● **Raw data**
☆ ☆ ☆ ☆

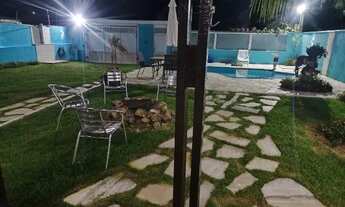 Imagem 6: Casa Temporada Caraguá em Massaguaçu 3 quartos sendo uma suíte. Piscina e churrasqueira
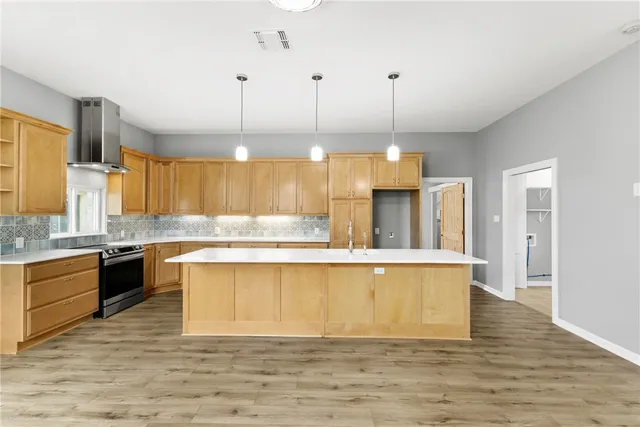 a large kitchen with a large counter top a sink stainless steel appliances and cabinets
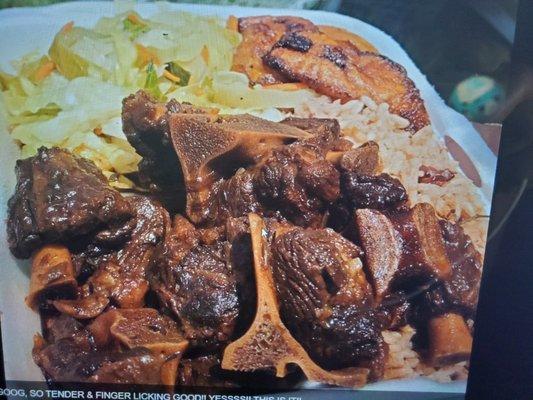 Oxtails, rice n peas, cabbage and plantains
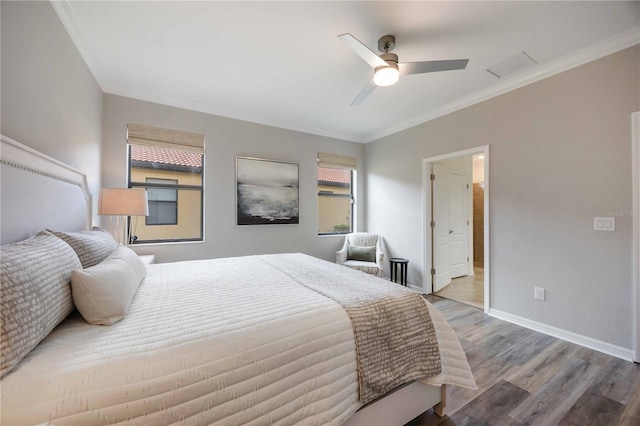 bedroom featuring ceiling fan, wood-type flooring, and ornamental molding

☆ ☆ ☆ ☆

● **The problem**
Each line from the one with "Oxtails, rice n peas, cabbage and plantains" to the final line of the data above is to be printed exactly; no picture should appear in the copy.

● **Result of this exercise**
 Oxtails, rice n peas, cabbage and plantains
 bedroom featuring ceiling fan, wood-type flooring, and ornamental molding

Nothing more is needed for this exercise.